In the first settlement from the SEC’s so-called “Distribution in Guise” initiative, First Eagle Investment Management and FEF Distributors (“Distributor”) agreed to pay $40 million to settle charges that they caused the First Eagle Funds to improperly pay for distribution outside of the funds’ 12b-1 plans. The board of trustees was not named in the action. The settlement follows the July 2015 sale of a majority stake in First Eagle Investment Management to private equity firms Blackstone and Corsair Capital.
According to the order, the Distributor invited one intermediary to enter into a “Selected Dealer Agreement” that provided that the intermediary would become a “selected dealer to distribute shares.” Under the agreement, the intermediary would provide “due diligence, legal review, training, and marketing.” In exchange, the agreement provided that the fund would pay a one-time fee of $50,000, 25 basis points on new gross sales, and a quarterly payment of 10 basis points on shares held longer than one year, all of which was above and beyond any payments to the intermediary pursuant to a 12b-1 plan. According to the SEC, the funds paid approximately $24.6 million over the period of January 1, 2008 to March 31, 2014 for services that “were generally marketing and distribution, not sub-TA services.”
The Distributor also entered into an agreement with a second intermediary which provided services the SEC again classified as “generally marketing and distribution.” The “Correspondent Marketing Program Participation Agreement” provided that the intermediary would:
(i) provide email distribution lists of correspondent broker-dealers that have requested “sales and marketing concepts” from Intermediary Two; (ii) market the Funds on its internal website; (iii) invite the Funds to participate in special marketing promotions and offerings to correspondent broker-dealers; (iv) invite First Eagle to participate in Intermediary Two’s annual conference; (v) provide quarterly statements detailing which correspondent broker-dealers are selling the Funds; and (vi) waive all trading fees charged to correspondent broker-dealers relating to the Funds.
The contract provided that the funds would pay an annual fee of 5 basis points on the value of the shares sold by the intermediary, amounting to $290,000 for the period of January 1, 2008 to March 31, 2014.
The order notes that these two agreements were “inaccurately included as sub-TA fees” in communications with the board of trustees.

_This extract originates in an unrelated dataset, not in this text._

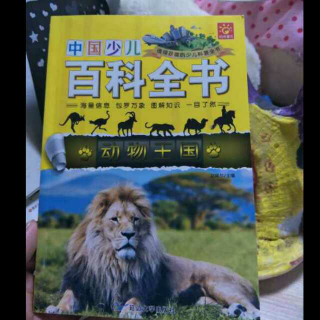 中国少儿百科全书“动物王国”
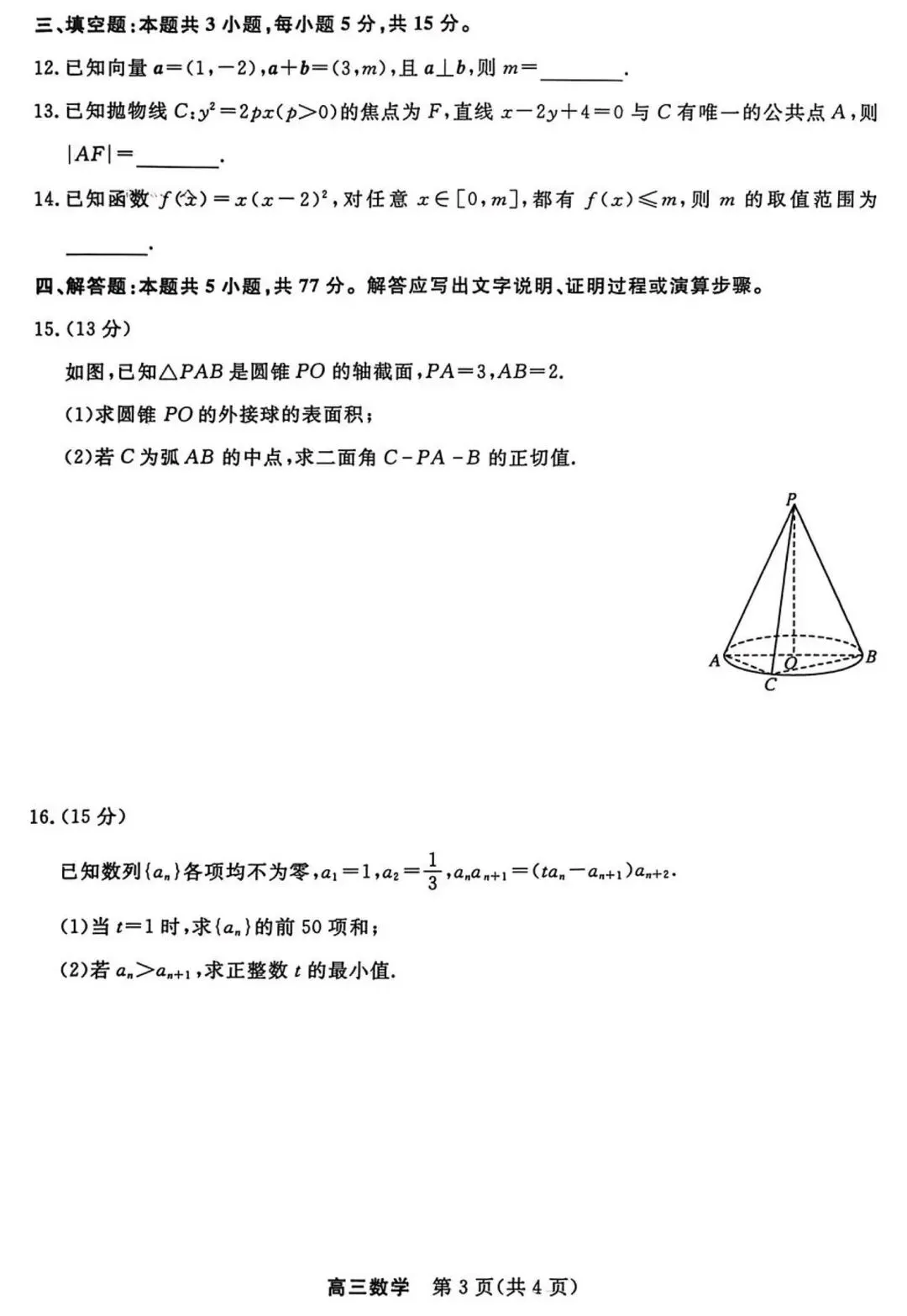 2026届高三江苏九校联考数学试卷及答案 第3张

According to the order, First Eagle retained outside counsel in 2008 to review its practices with respect to sub-TA fees. The order states that the resulting report, which was shared with the board, found that the fees paid to the two intermediaries under the contracts at issue were for sub-TA services.

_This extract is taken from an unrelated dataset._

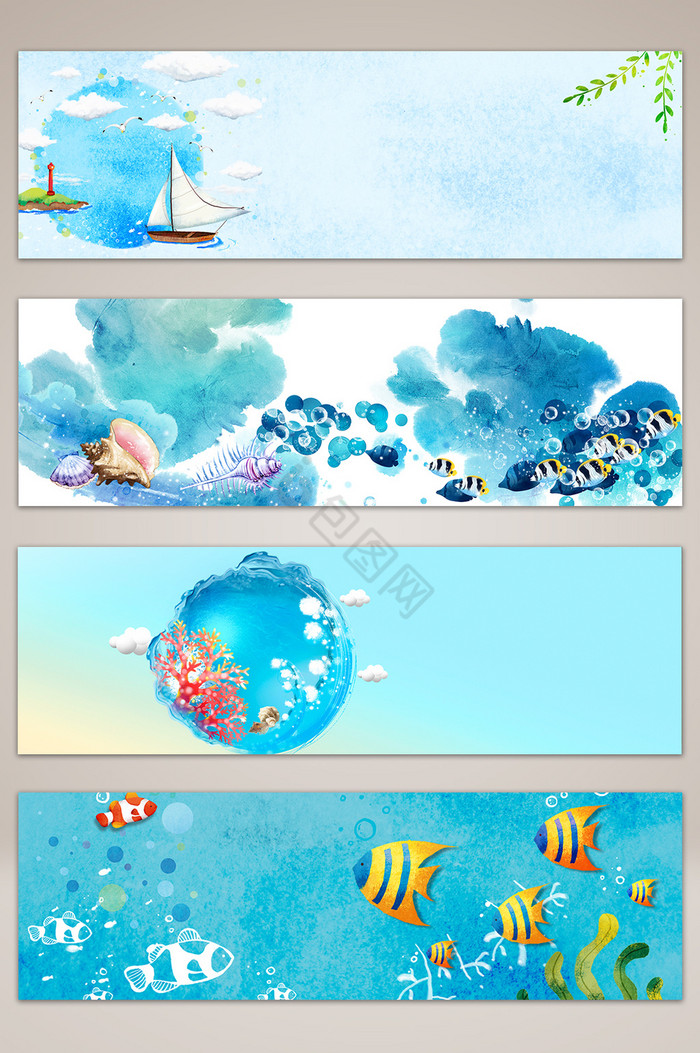 海洋banner海报图片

The SEC also found that the payments under the contracts were contrary to the fund’s disclosure, which stated that “[First Eagle Fund] Distributors or its affiliates bear distribution expenses to the extent they are not covered by payments under the [Rule 12b-1] Plans.” According to the SEC, the agreements in question caused the funds to pay distribution and marketing expenses not covered by the funds’ 12b-1 plans.

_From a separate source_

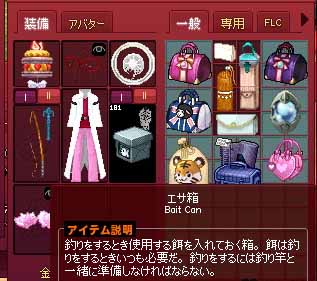 エサ箱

As a result of the violations, First Eagle agreed to disgorge $24.9 million and interest of $2.3 million, and First Eagle and the Distributor agreed to pay a civil penalty of $12.5 million. The almost $40 million will be used to reimburse shareholders for fees improperly paid from fund assets, “foregone appreciation,” and interest. In addition, the Distributor agreed to retain an independent consultant to “conduct a comprehensive review of [the distributor’s] supervisory, compliance, and other policies and procedures designed to prevent and detect the prohibited use of the Funds’ assets to engage, directly or indirectly, in financing any activity which is primarily intended to result in the sale of shares issued by the Funds.”
First Eagle released a public statement on the settlement:
“We are pleased to have reached an agreement with the SEC that will allow us to reimburse affected fund shareholders. The SEC has acknowledged First Eagle’s cooperation, noting that we acted promptly to remedy the issue and that we immediately offered to return the money paid from the funds’ assets. We sincerely regret this matter and have taken steps to strengthen our policies and procedures. Our core values center around the prudent stewardship of our clients’ capital, and this extends to ensuring that all our practices meet the highest standards of integrity and accountability.”